Prompt:
Where the line containing "新闻爆料-----宾阳,揭秘这座广西县城的崛起之路" appears in the entries below, start there and print only that line and every line after it, exactly, through the end, excluding pictures.

Data records:
<<<<

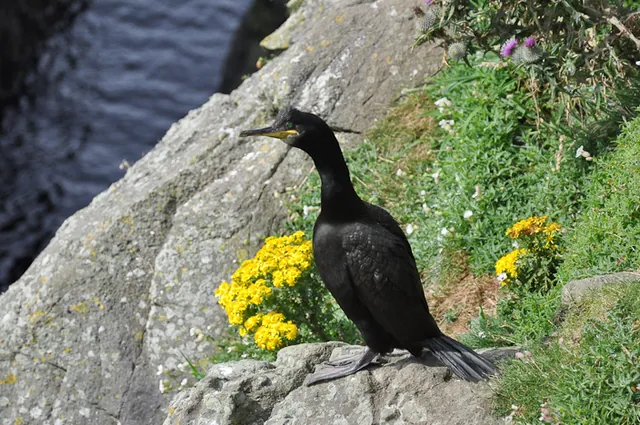 Isle of Mull — photograph 77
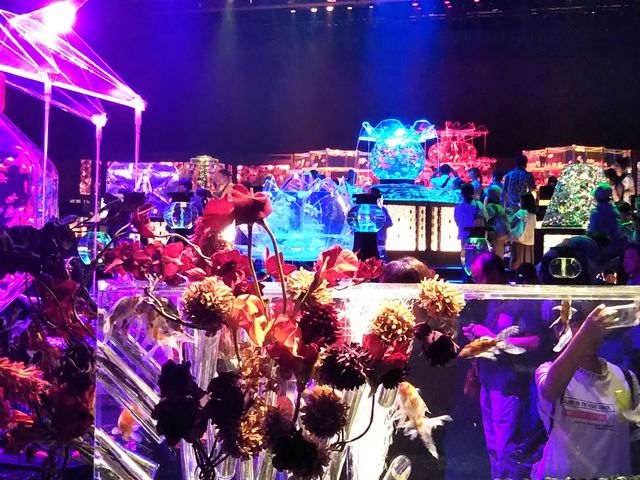 �z�[���S��_���{���O��z�[��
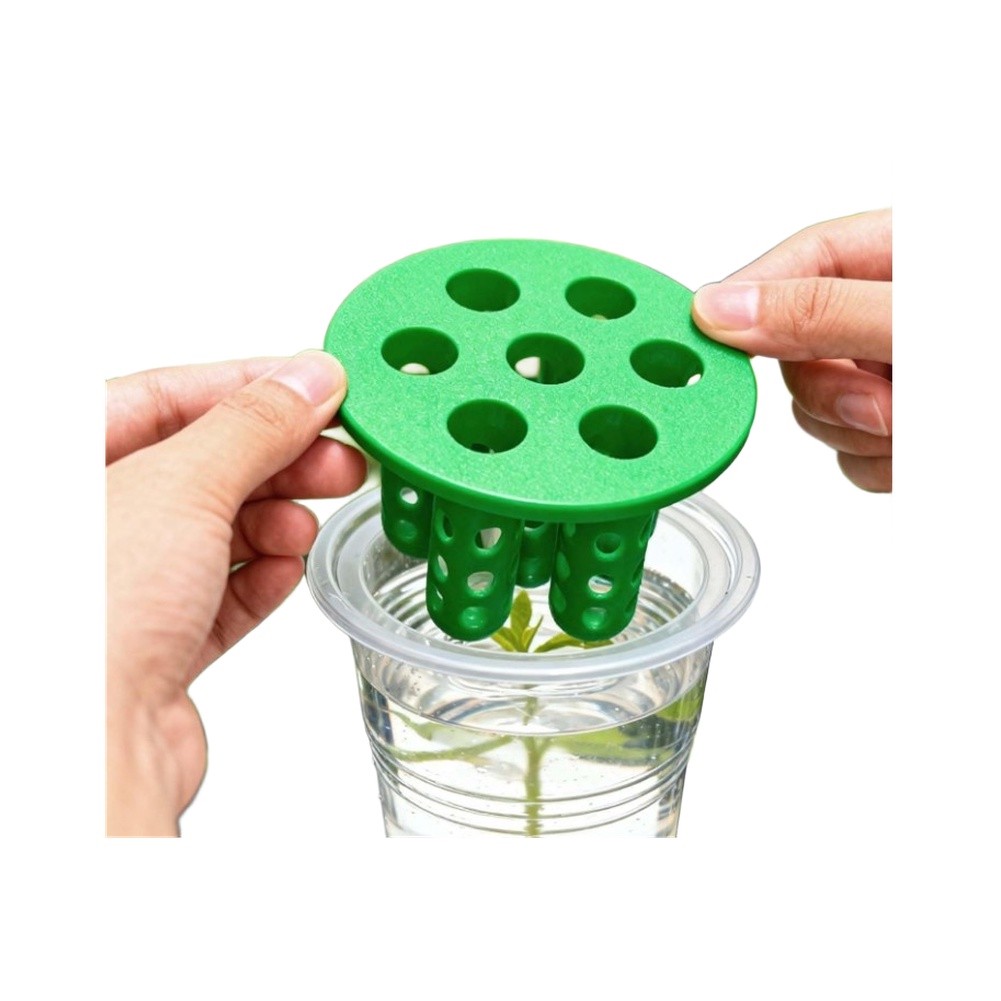 4個入りネギ再生発芽キット：窓辺用ネギ栽培容器/プランター  - Hydroponic Kit のレビューと価格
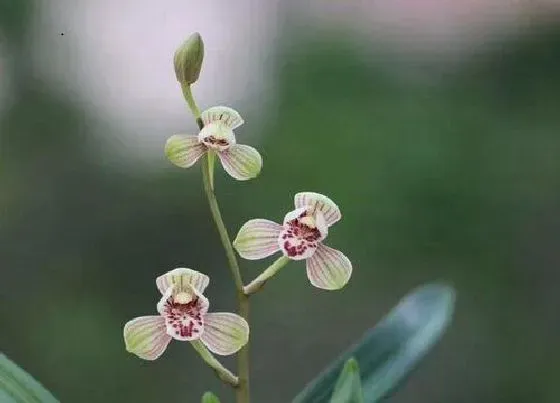 植物香味|建兰千霞冠有香味吗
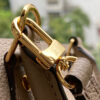 Louis Vuitton Petie Sac Plat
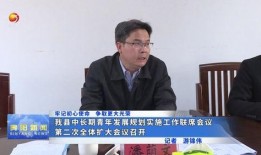 新闻爆料-----宾阳,揭秘这座广西县城的崛起之路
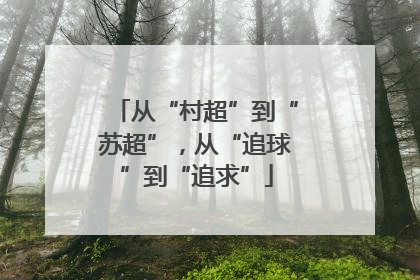 从“村超”到“苏超”，从“追球”到“追求”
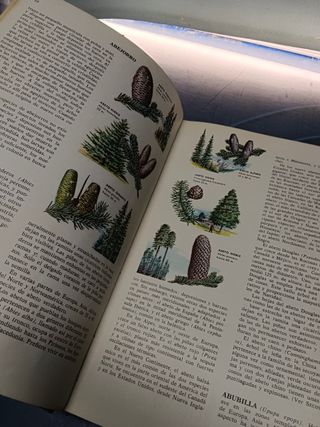 Enciclopedia de las CIENCIAS NATURALES – COMPLETA 4 TOMOS EDITORIAL BRUGUERA 1962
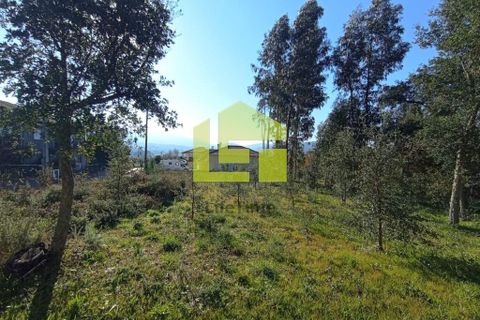 Helårsgrund i Miranda do Corvo, Coimbra, Miranda do Corvo - € 52.000 | Ref: LT0203 - foto 16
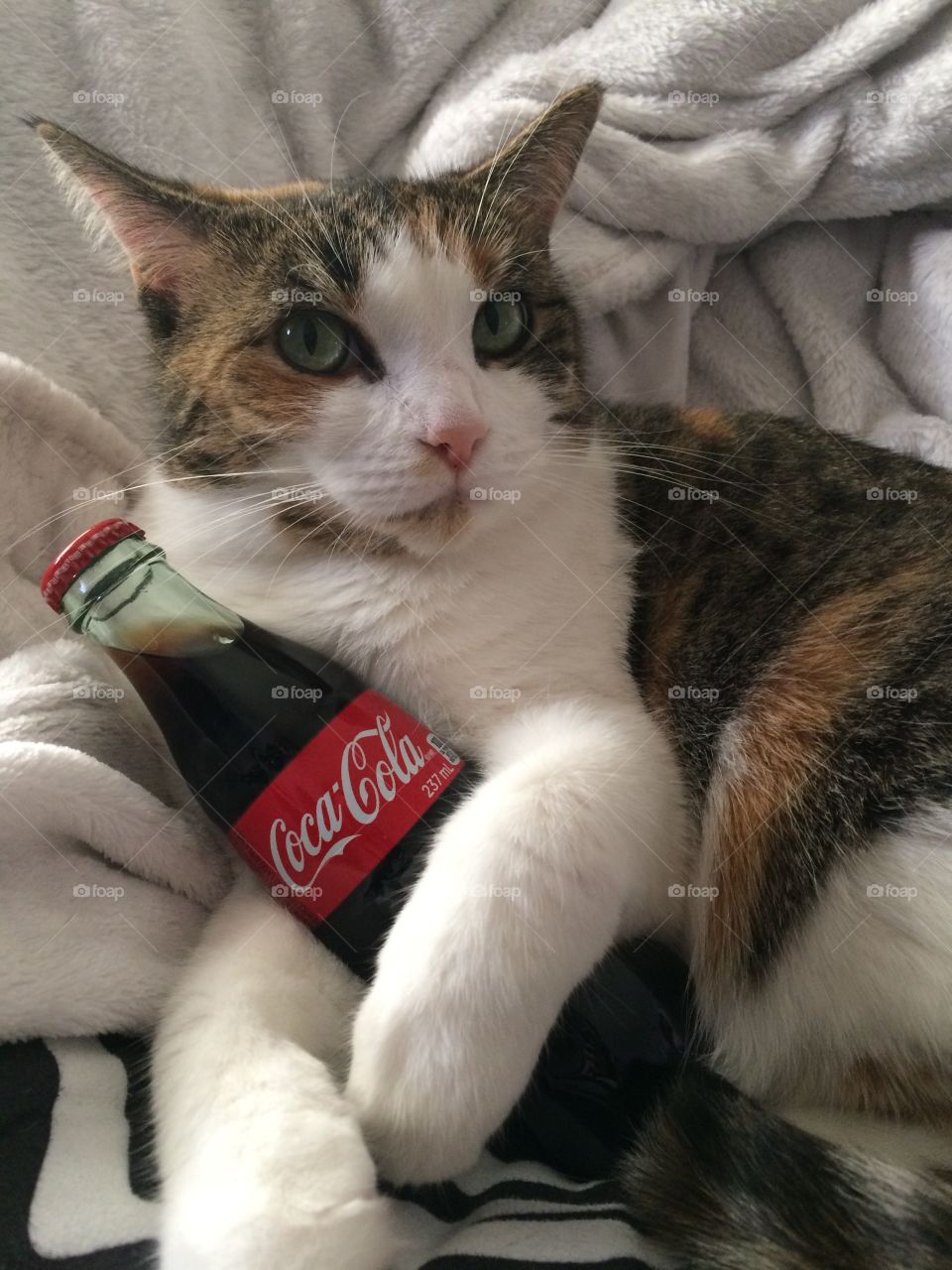 Coca Cola kitty 🐱 cat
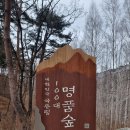 자작나무쉼터 | 강원도 인제 자작나무숲 / 주차, 등산코스 총정리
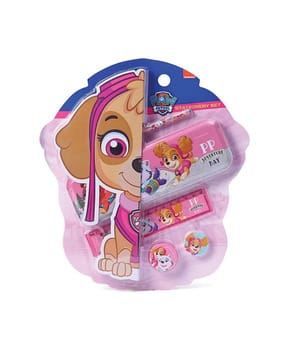 Set of 5 Paw Patrol Skye Cart Back-to-School Supply Stationeries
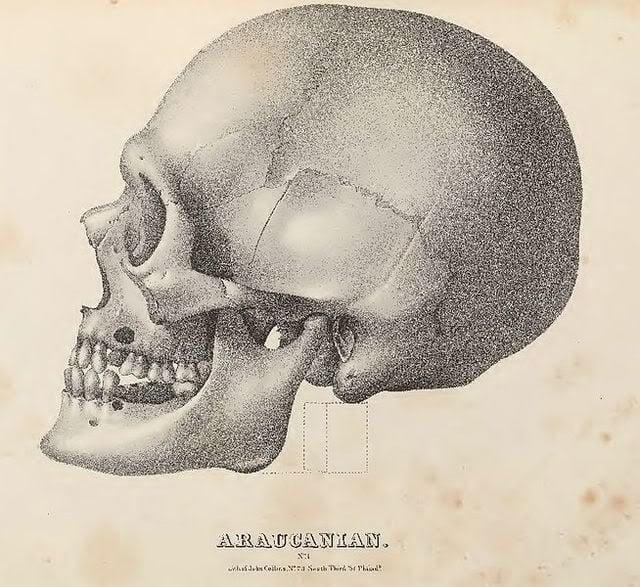 Skull 1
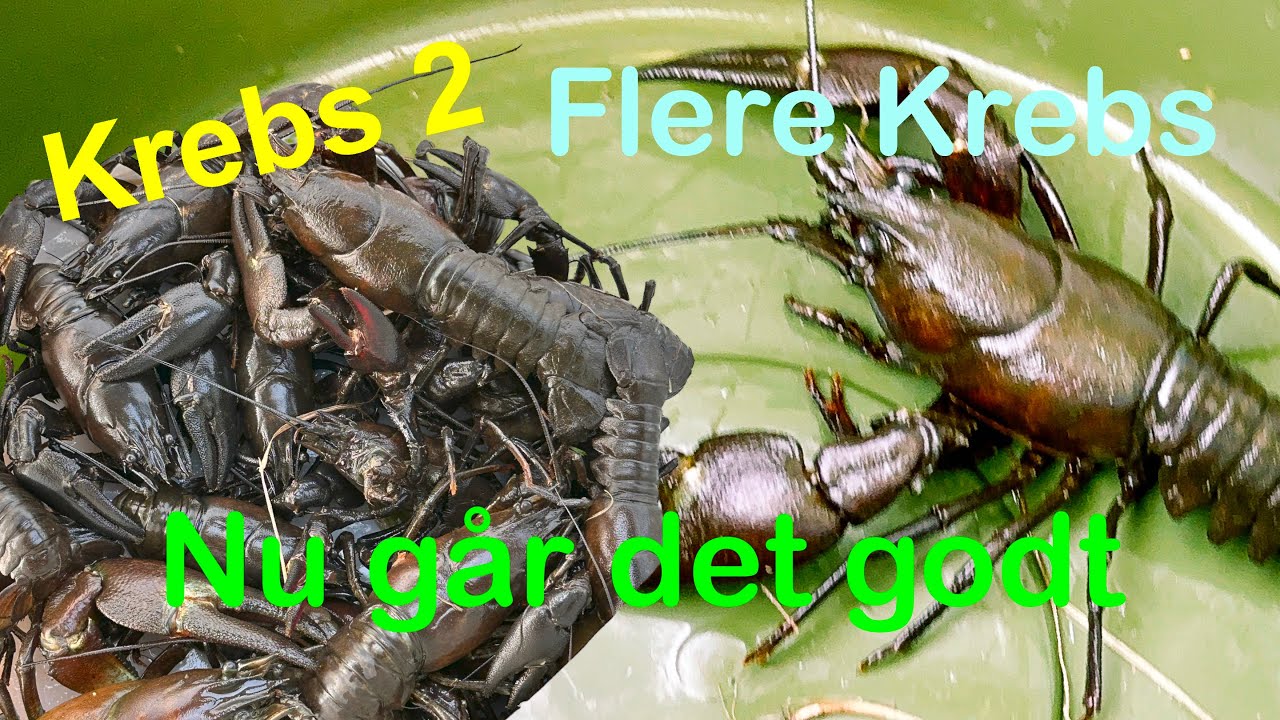 Flere Krebs… så kom der gang i det …. Signal Krebs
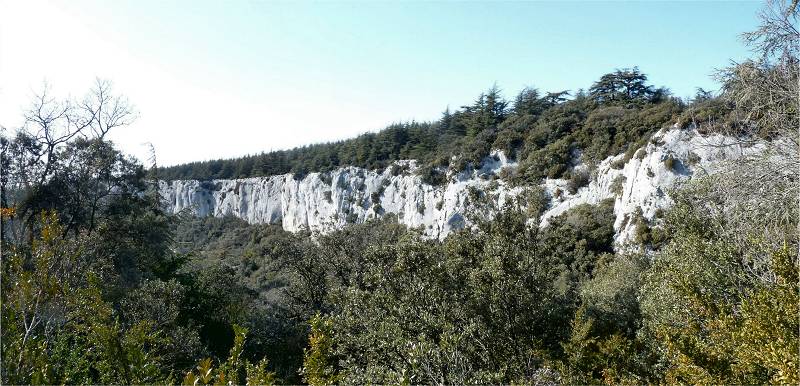 Roque des Bans
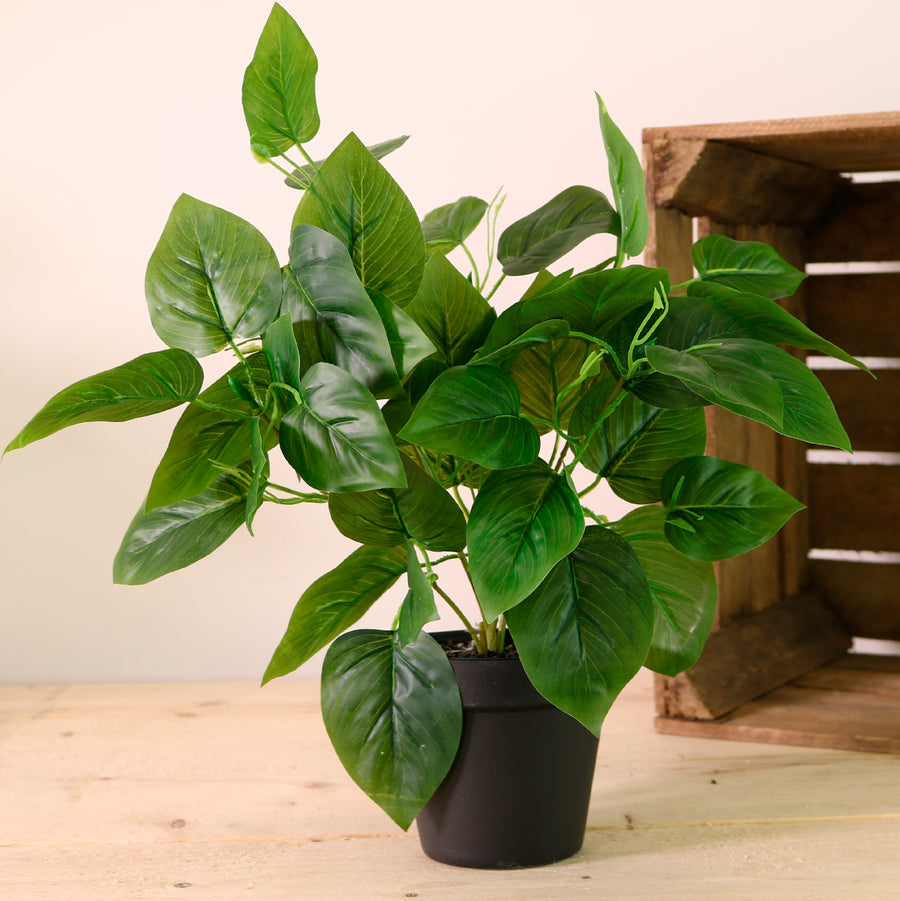 Potted Jade Pothos Arrangement (Large)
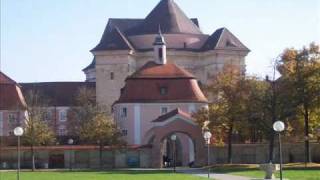 preview picture of video 'Ulm-Wiblingen - Basilika St  Martin - Vollgeläut'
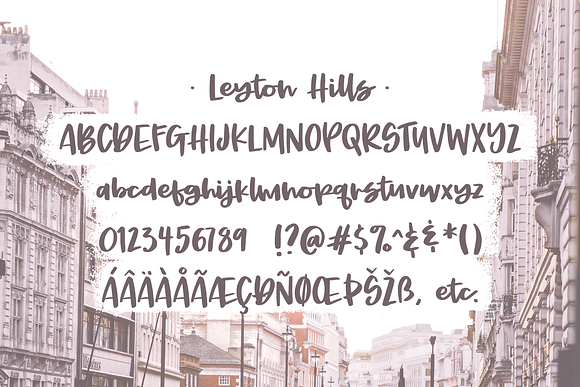 Leyton Hills, a heavy script font in Script Fonts - product preview 1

>>>>

Result of this exercise:
 新闻爆料-----宾阳,揭秘这座广西县城的崛起之路
 从“村超”到“苏超”，从“追球”到“追求”
 Enciclopedia de las CIENCIAS NATURALES – COMPLETA 4 TOMOS EDITORIAL BRUGUERA 1962
 Helårsgrund i Miranda do Corvo, Coimbra, Miranda do Corvo - € 52.000 | Ref: LT0203 - foto 16
 Coca Cola kitty 🐱 cat
 자작나무쉼터 | 강원도 인제 자작나무숲 / 주차, 등산코스 총정리
 Set of 5 Paw Patrol Skye Cart Back-to-School Supply Stationeries
 Skull 1
 Flere Krebs… så kom der gang i det …. Signal Krebs
 Roque des Bans
 Potted Jade Pothos Arrangement (Large)
 preview picture of video 'Ulm-Wiblingen - Basilika St  Martin - Vollgeläut'
 Leyton Hills, a heavy script font in Script Fonts - product preview 1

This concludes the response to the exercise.